Lola busies herself getting beers for everyone from the cooler. “As long as she needs to, I suppose.” She clearly enunciates every word.

“That aunt of hers came with enough luggage to move in,” Whippet Two snipes.

None of the Whippets understands the softness of Lola’s heart and the feelings of kindness that she has for Bernice. Lola has thought about that and tries to convince herself that she thinks of The Kid the same way she thinks of those homeless people around the corner. With embarrassment that she has while they do not. Not that she thinks Bernice would even want any of her stuff. No, that desire is quite below The Kid. Nope, the stuff that Lola has that she is aware and embarrassed of in front of Bernice is right in this room. Friends, conversation, peace of mind. She feels tenderness for the girl because she suspects no one has been tender to her before.

On those nights when Bernice teetered awkwardly on heels down the stairs, and to godknowswhere, Lola could not sleep until she came home. And egads, when she came home.
Bruised. Bloodied. Empty. Those scars on her arms and hands lookin’ like they want to jump out from underneath the skin. They look like burns, and Lola wonders what and when. It just broke her heart.

She is a reminder to Lola that she herself used to be with rough men, too. That she used to have those same black eyes, same torn lips and same bloodied teeth.
But only with one man,
she reminds herself. Yep, this was a completely different kettle of fish. It is almost like The Kid is
going out to get beat up.
And that is impossible.

When the Whippets leave, she treats herself to the last of the cold cuts, cheeses and assorted pickled vegetables. She no longer goes to a great deal of trouble on poker nights. When they first started the Whippet Club, the Wednesday night poker club, the Whippets would exercise their culinary one-upmanship and prepare feasts of dainties, finger foods and banquet offerings. As time went by, the feasts became less lavish, and now they all order deli trays from Sal’s Sausage Emporium.

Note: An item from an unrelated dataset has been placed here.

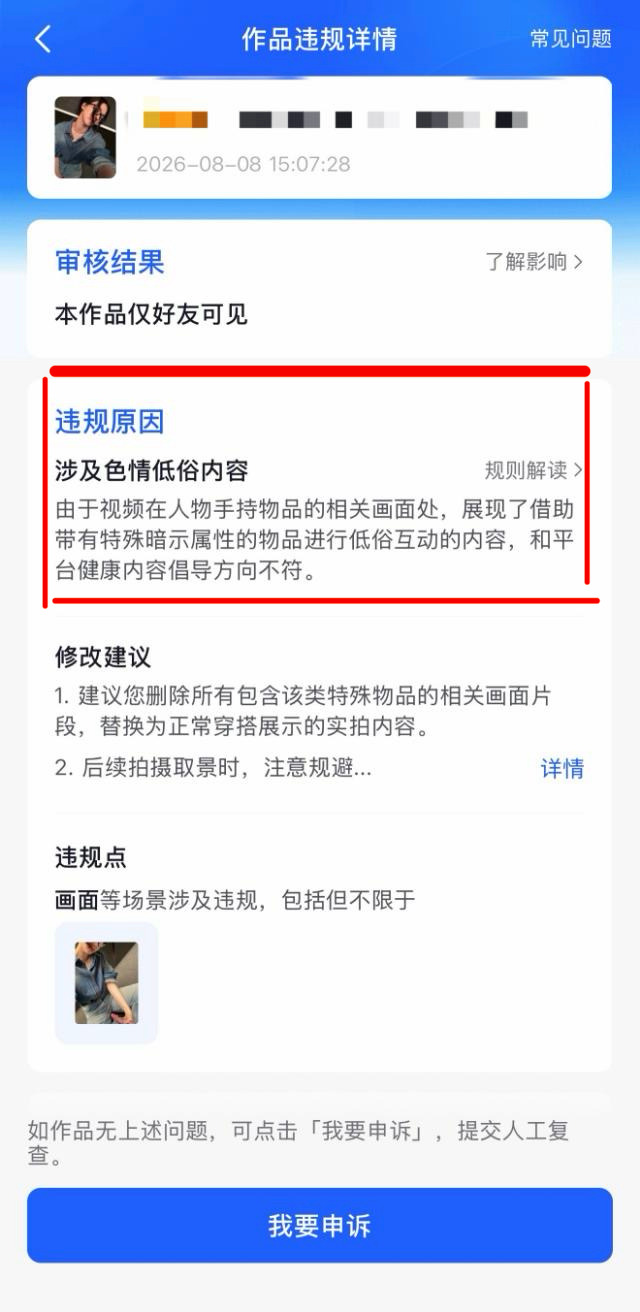 发都发不出去，谁敢看这违规原因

They have also developed a conversational shorthand, in the way that old friends do together. It wasn’t until their twelfth year that they got tipsy and renamed body parts and functions. Twelve years to come up with “hoo ha” and “dry heave.”

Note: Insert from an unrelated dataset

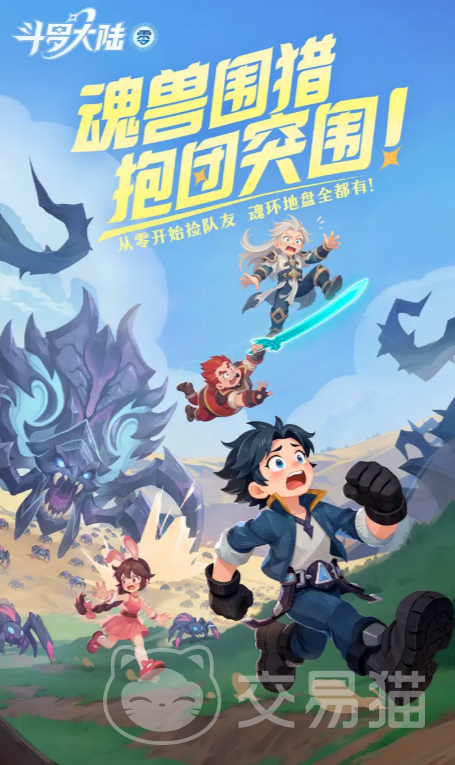 斗罗大陆零角色羁绊大全 斗罗大陆零全角色羁绊效果与搭配指南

Nope, she does not love the Whippets. She sees their cruelty and deplores the mirror image in herself. And the way she looks when she sees her reflection in how Bernice looks at her. Looked at her. It moves her. A different woman. A different Lola. Quiet kindness and soft intelligence meets harsh observations and boiling wit. She is a patchwork quilt made up of
who she would have been. If her life had turned out differently.

Lola has never had any children herself and cannot imagine what motherly feelings are like. Still, The Kid touches on a place that she had forgotten existed.

She lights a smoke, still picking her teeth with the toothpick, and stares at the streetlights outside of the bakery.

The Kid is dying,
she thinks, and rejects the notion almost as quickly as she thought it. If she is dying, Bernice was doing it before she got to Gibsons. Until her aunt got there, she and Freda had noticed there was still a spark in The Kid. A look in her eyes some days, a look in her eyes that reminded Lola of something familiar and too painful to call up. But she recognized and knows it, and sees it in that mirror.

And no matter what that look betrays, Lola also sees something in her that reflects in both of their mirrors. Survivor.

When Lola first moved to Gibsons from Biggs, California (“Just two hours off route 99!” went the jingle), she didn’t have this, this coating on her. Of harshness, of weatheredness, of having felt. But that was two near-husbands, six jobs and countless lovers ago. She felt old at eighteen. But she was still kind.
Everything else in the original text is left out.